Nikkei English News via NewsEdge Corporation : SYDNEY (Dow Jones)--
The Sydney Futures Exchange and State Forests of New South Wales, a
government-owned forestry concern, said Monday they have agreed to
develop a carbon credits trading market by mid-2000.

Carbon sequestration credits are based on the idea that trees absorb
carbon dioxide from the atmosphere and, thus, can be used to offset
pollution.

The 1997 Kyoto protocol of the U.N. Climate Change Conference, which
has yet to be ratified, set legally binding targets for individual
country's emissions of carbon dioxide, or greenhouse gases. But it
also allowed countries with high emissions to buy carbon credits from
countries with lower emissions.

Governments are expected to set individual targets for companies
within their countries and those are likely to be met by carbon
credit trading, too, according to the SFE and State Forests.

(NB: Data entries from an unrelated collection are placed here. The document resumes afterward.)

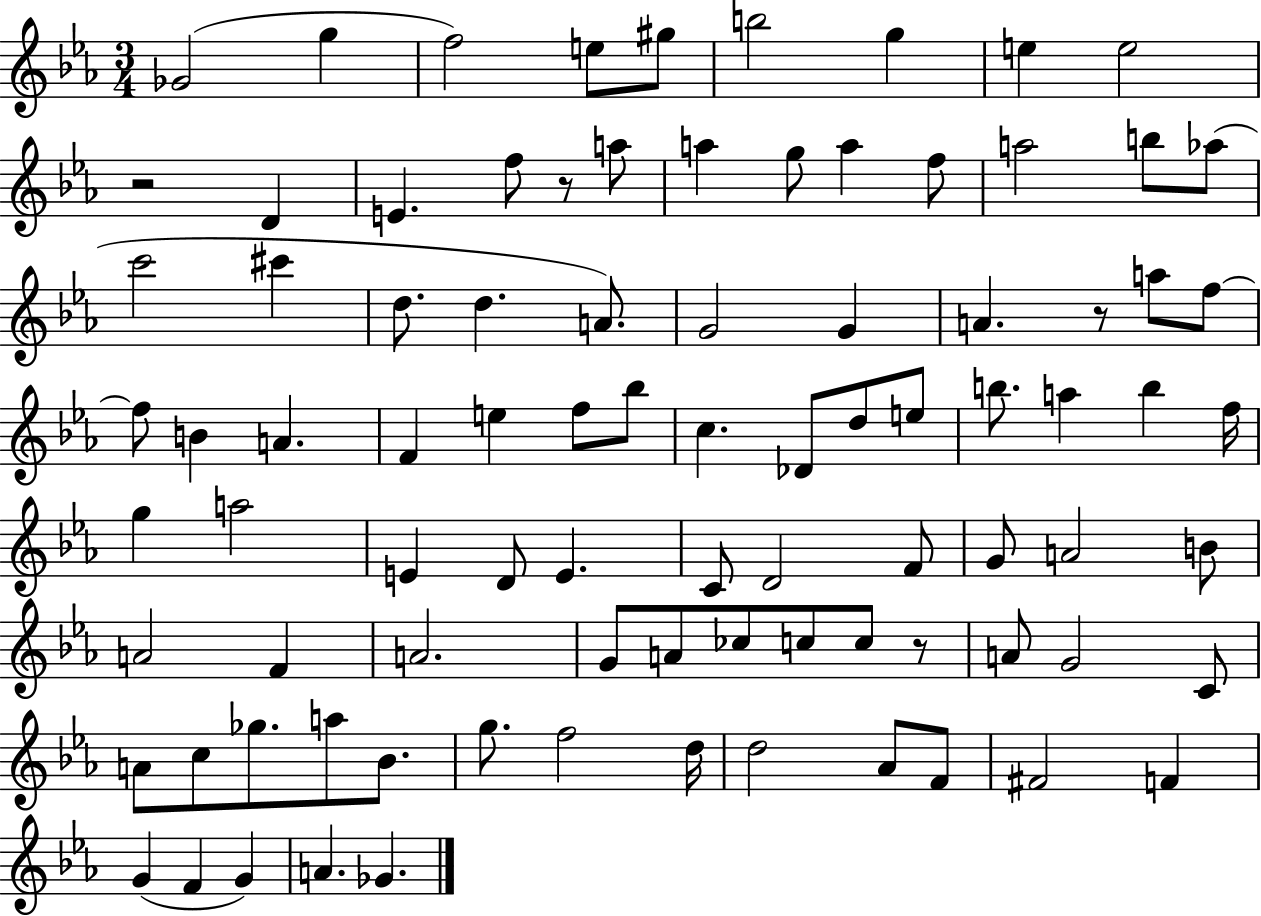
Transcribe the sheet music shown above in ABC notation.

X:1
T:Untitled
M:3/4
L:1/4
K:Eb
_G2 g f2 e/2 ^g/2 b2 g e e2 z2 D E f/2 z/2 a/2 a g/2 a f/2 a2 b/2 _a/2 c'2 ^c' d/2 d A/2 G2 G A z/2 a/2 f/2 f/2 B A F e f/2 _b/2 c _D/2 d/2 e/2 b/2 a b f/4 g a2 E D/2 E C/2 D2 F/2 G/2 A2 B/2 A2 F A2 G/2 A/2 _c/2 c/2 c/2 z/2 A/2 G2 C/2 A/2 c/2 _g/2 a/2 _B/2 g/2 f2 d/4 d2 _A/2 F/2 ^F2 F G F G A _G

"By establishing an exchange-traded market for carbon credits before
the Kyoto Protocol comes into force, SFE can provide organizations
with an early opportunity to lock in a financial position and secure
a competitive advantage," Leslie Hosking, the chief executive of the
SFE, said in a statement.

State Forests, which is owned by the government of the Australian
state of New South Wales, has been pushing for some time to set up a
carbon credits market in Australia.

Earlier in August, State Forests said that it is working with
privateely held Victorian Plantation Pty. Ltd. of Australia to
develop an accounting method for the carbon stored in trees that
could be used in a trading system.

In July, Japan's Tokyo Electric Power Co. (J.TER or 9501) agreed to
participate in a forest plantation project promoted by State Forests.
And last year, State Forests sold carbon credits in the form of 1,000
hectares of hardwood plantation to a state-owned electricity
generator, Pacific Power.

"I believe we will increasingly see the environmental benefits of
forests becoming their primary commercial asset," said Bob Smith,
chief executive of State Forests. "Similar environmental markets
could be established for the role of forests in salinity control and
land repair."

On the new SFE market, the carbon absorbed by forests that comply
with Kyoto protocol requirements would form the underlying commodity
traded. Each unit traded would be electronically serialized and
denominated in one metric ton of carbon dioxide equivalent.

Buyers could purchase these credits as a hedge in a future emissions
trading market, or bundle them with product sales to create
emissions-free products, the SFE said.